The answer is because it's not so much about a decent adventure today as it is about massive emphasis on the character's racial background and/or sexual orientation. The writing efforts are very bad as a result too. And if the audience sees the non-negative emphasis on LGBT culture as a bad example, then it should be no surprise they fail to garner a big audience.
What’s a shame about the panel is that it doesn’t represent anything close to the breadth of perspectives in the documentary itself, which as executive producer Michael Kantor pointed out, includes women like Jenette Kahn, who as head of DC Comics was one of the youngest presidents ever of a Fortune 500 company, and in the sections I’ve seen, is thoughtful about why the comics industry has shrunk.

It’s a shame because there are good and nuanced arguments to be had about tokenism in comics. “When Stan Lee introduces Luke Cage and the Black Panther in the ’60s, there’s a level of tokenism to that, but it also reflects the growing Civil Rights movement,” Kantor suggested, drawing out the fact that the desire to reflect a historical moment can coexist with less attractive commercial impulses.
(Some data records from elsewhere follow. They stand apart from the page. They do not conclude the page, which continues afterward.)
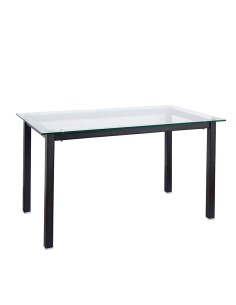 Mesa de comedor cristal con patas negras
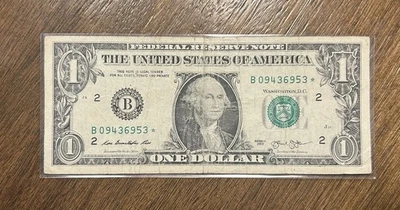 2013 - $1 доллар дублировать B серии ошибка звезда Примечание - редкая банкнота! - Изображение 1 из 2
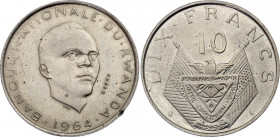 Rwanda 10 Francs 1964 Essai
KM# E3; Copper-nickel; UNC with minor hairlines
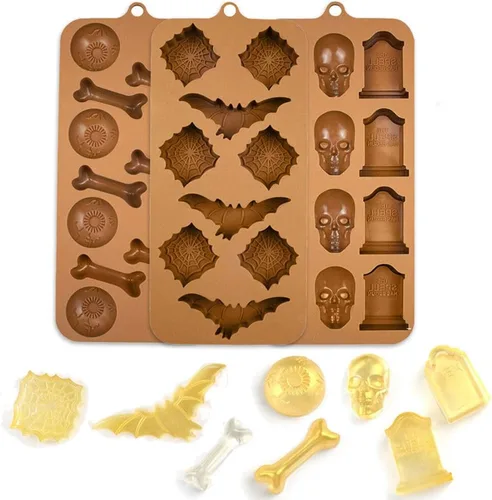 Miniatura 7 de Molde de silicona con forma de calavera de Halloween, murciélago, bruja, fantasma, bandeja de molde de calabaza, cabeza de calavera, gato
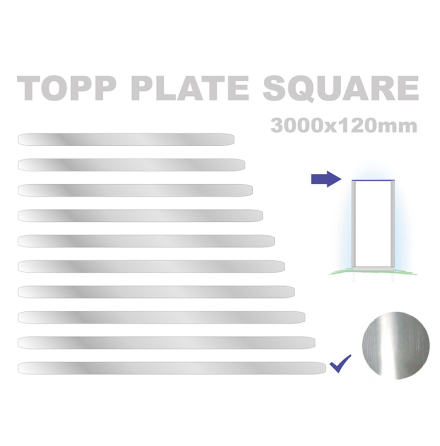 Topp Plate Square 120x3000mm. Alu 3mm, mill finish 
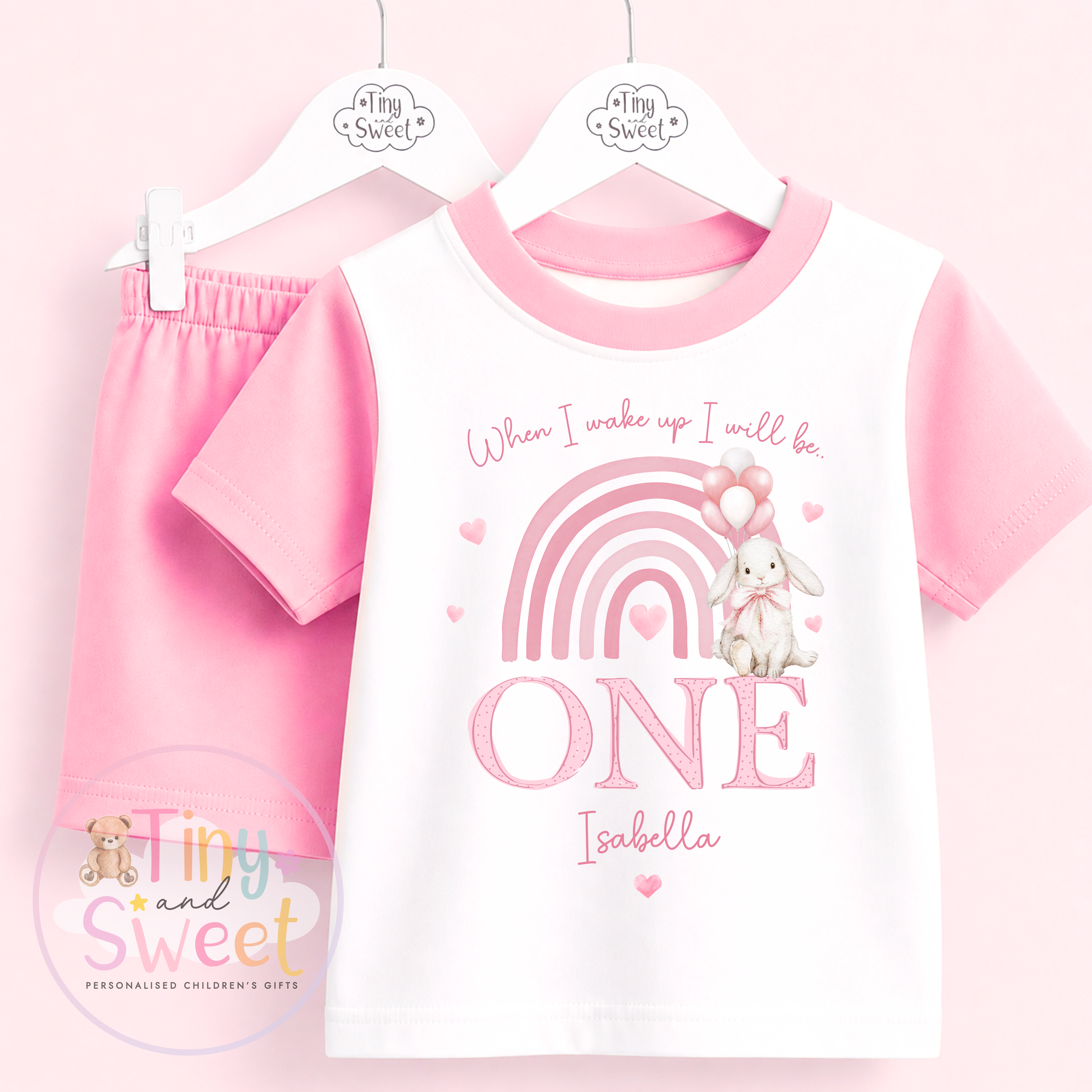 Pink Bunny Rainbow Personalised Short &amp; T Shirt Pyjama Set (Any Age)
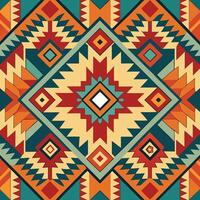 Intricate Aztec Tribal Seamless Pattern with Geometric Elements and Vibrant Colors vector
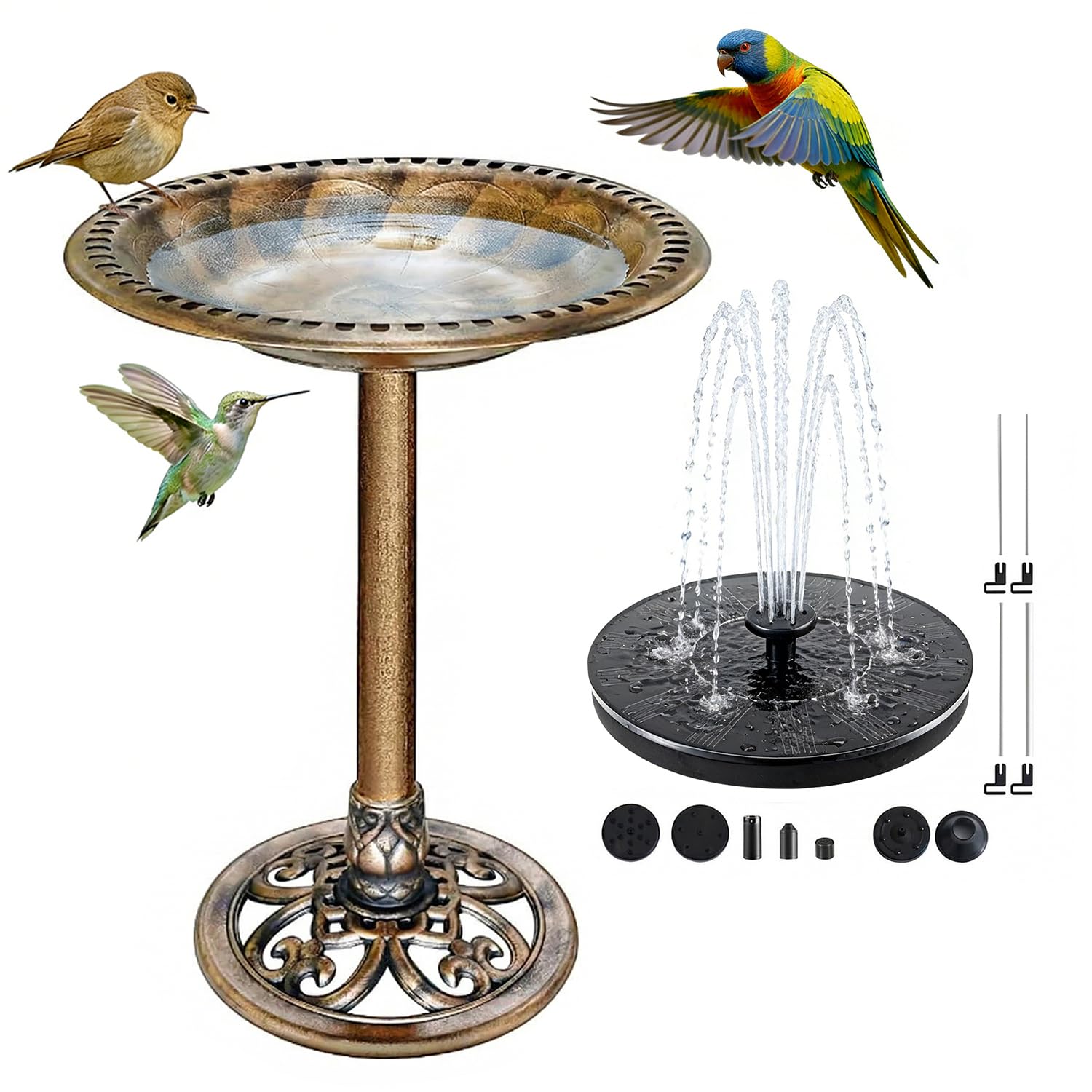 Aiddwrron Bird Bath with Solar Fountain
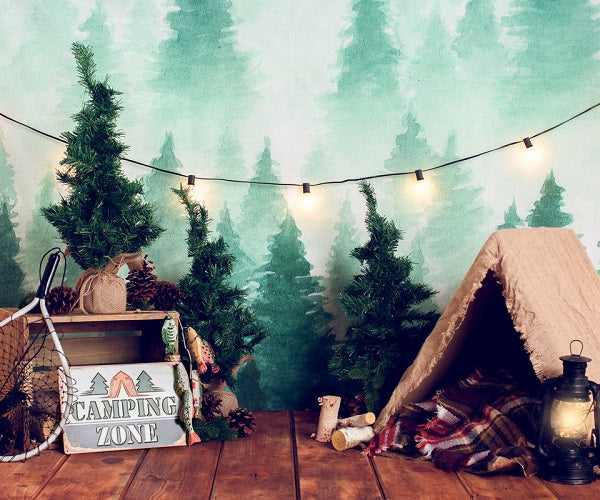 Kate Cake smash Forêt Zone de camping Été Toile de fond conçu par Megan Leigh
But wanting a greater breadth of storytelling, and hoping a medium reaches its full storytelling potential is not the same thing as tokenism.
It's a shame Think Progress considers diversity more vital than good storytelling, and doesn't consider Wein's argument as the best case for adding minorities without making gigantic issues out of it all. Nor do they ponder that even minorities may not be desperate for having heroes of minority backgrounds introduced at all costs, or may not be asking that the heroes, specifically, be the ones to hail from minority status.

I notice Kantor got something wrong: Stan Lee did create Black Panther, but he was not the writer who created Luke Cage. That honor goes to the late Archie Goodwin, who introduced Power Man in 1972, inspired by the blaxploitation movies of the times like Shaft.

I would argue that most superhero comics decades ago were a lot more welcoming for women than today's efforts, since they didn't go miles out of their way to hammer the audience over the head with so much graphic mayhem and questionable politics. Now that this has taken up so much of the medium at the expense of good storytelling, that's why, so long as they continue that way, they'll never get a significant female audience, if at all. And DC may have already hinted they don't want any if 45-year-old men are the only kind of readership they care about.

And yet, the whole panel on TV may still have exhibited a telling weakness: they weren't critical of any of the editors in charge of DC and Marvel for doing exactly what they think is a mistake. If they didn't slam Joe Quesada for erasing the Spider-marriage, that's just one example of the veterans' inability to show the courage to pan bad editors for throwing away some of the best parts of mainstream comics. Too bad.